Reputation: 1015
I have two SchemaRDD's and I want to perform join operation on them (same like SQL join). please help me.
Upvotes: 1
Views: 8504
Reputation: 3571
You can actually do a SQL join if you register the two SchemaRDDs as tables. While the following example uses case classes the technique doesn't depend on them:
val sqlContext = new org.apache.spark.sql.SQLContext(sc)
import sqlContext._
case class Score(name: String, score: Int)
case class Age(name: String, age: Int)
val scores = sc.textFile("scores.txt").map(_.split(",")).map(s => Score(s(0),s(1).trim.toInt))

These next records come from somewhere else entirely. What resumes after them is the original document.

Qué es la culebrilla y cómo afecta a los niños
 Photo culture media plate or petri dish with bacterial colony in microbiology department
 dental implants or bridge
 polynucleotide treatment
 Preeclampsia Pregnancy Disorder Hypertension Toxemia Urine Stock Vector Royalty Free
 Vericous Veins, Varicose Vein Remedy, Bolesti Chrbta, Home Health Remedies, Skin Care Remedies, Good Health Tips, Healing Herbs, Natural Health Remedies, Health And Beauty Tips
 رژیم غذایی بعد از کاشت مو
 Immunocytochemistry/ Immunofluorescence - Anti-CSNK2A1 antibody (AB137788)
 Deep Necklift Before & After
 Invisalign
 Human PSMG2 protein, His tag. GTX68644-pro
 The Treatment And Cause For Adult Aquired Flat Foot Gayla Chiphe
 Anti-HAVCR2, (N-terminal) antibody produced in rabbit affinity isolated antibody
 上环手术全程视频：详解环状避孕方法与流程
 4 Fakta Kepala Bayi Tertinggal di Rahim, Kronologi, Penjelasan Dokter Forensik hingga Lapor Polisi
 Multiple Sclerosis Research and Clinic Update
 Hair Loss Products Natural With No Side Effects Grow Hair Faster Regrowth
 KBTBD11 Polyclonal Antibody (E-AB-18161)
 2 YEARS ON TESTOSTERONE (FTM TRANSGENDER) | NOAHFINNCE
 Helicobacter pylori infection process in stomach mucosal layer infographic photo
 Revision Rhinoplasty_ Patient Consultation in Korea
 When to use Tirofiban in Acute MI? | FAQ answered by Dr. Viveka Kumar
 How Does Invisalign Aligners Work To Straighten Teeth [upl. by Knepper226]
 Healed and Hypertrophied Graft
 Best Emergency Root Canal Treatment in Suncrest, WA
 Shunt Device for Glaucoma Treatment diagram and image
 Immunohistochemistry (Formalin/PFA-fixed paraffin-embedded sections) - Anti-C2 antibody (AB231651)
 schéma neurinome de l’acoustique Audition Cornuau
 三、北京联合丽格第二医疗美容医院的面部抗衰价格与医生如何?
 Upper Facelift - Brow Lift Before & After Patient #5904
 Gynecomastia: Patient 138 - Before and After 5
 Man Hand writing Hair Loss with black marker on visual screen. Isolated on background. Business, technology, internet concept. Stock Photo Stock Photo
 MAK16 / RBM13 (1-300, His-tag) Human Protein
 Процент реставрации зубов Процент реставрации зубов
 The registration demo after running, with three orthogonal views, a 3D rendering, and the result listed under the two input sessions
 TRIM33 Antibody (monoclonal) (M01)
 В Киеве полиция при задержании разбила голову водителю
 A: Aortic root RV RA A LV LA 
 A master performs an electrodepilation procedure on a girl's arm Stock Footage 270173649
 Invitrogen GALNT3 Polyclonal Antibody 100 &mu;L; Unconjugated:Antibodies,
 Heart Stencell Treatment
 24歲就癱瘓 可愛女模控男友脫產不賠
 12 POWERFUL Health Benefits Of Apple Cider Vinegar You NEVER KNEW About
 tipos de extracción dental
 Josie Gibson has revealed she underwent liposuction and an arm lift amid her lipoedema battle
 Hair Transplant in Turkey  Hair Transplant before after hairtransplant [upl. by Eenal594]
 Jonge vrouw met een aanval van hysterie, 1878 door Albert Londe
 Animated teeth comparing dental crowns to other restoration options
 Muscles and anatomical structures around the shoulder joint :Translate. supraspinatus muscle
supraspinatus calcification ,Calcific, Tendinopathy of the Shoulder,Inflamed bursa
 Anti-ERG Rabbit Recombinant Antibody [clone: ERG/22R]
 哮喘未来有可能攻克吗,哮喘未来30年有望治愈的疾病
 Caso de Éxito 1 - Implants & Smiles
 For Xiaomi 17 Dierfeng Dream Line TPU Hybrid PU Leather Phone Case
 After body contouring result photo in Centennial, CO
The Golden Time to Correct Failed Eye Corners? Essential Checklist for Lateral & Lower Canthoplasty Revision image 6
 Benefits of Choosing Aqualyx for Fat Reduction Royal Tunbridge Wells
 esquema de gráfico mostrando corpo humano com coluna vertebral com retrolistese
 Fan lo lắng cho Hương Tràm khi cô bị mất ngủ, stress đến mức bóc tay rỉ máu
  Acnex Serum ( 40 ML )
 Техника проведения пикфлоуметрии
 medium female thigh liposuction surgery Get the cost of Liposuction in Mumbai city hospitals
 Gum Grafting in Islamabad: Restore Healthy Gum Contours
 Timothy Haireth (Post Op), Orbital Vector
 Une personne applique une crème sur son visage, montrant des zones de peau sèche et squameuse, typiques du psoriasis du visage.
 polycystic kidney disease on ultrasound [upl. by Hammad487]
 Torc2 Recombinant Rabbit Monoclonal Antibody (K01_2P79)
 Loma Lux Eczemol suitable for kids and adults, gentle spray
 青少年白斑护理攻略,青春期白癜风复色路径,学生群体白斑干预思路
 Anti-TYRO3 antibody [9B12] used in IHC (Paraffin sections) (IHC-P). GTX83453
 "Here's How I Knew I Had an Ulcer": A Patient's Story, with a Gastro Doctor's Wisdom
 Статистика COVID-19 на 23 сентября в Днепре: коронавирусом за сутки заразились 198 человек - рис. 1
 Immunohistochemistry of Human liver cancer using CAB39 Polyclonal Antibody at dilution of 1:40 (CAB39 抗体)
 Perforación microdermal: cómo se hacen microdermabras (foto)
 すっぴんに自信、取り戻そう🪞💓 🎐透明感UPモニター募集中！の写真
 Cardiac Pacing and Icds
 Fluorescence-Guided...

val ages = sc.textFile("ages.txt").map(_.split(",")).map(s => Age(s(0),s(1).trim.toInt))
scores.registerAsTable("scores")
ages.registerAsTable("ages")
val joined = sqlContext.sql("""
SELECT a.name, a.age, s.score
FROM ages a JOIN scores s
ON a.name = s.name""")
joined.collect().foreach(println)
Another approach, that doesn't require registration, is to use the language-integrated syntax (one suspects there is a way to streamline this):
val scoresAliased = scores.as('s)
val agesAliased = ages.as('a)
val joined =
scoresAliased.join(agesAliased, Inner, Some("s.name".attr === "a.name".attr))
Upvotes: 4
Reputation: 1506
From the spark documentation
join(otherDataset, [numTasks]) When called on datasets of type (K, V) and (K, W), returns a dataset of (K, (V, W)) pairs with all pairs of elements for each key. Outer joins are also supported through leftOuterJoin and rightOuterJoin.
You would want to run your schemaRDDs through a map transformation to put them in the (K,V)
form: K
is the key you want to join on, and V
can just be the entire row object. E.g.
val a = ...
val b = ...
val bWithKey = b.map(v => (v.key, v))
val joined = a.map(v => (v.key, v)).join(bWithKey)
Upvotes: 2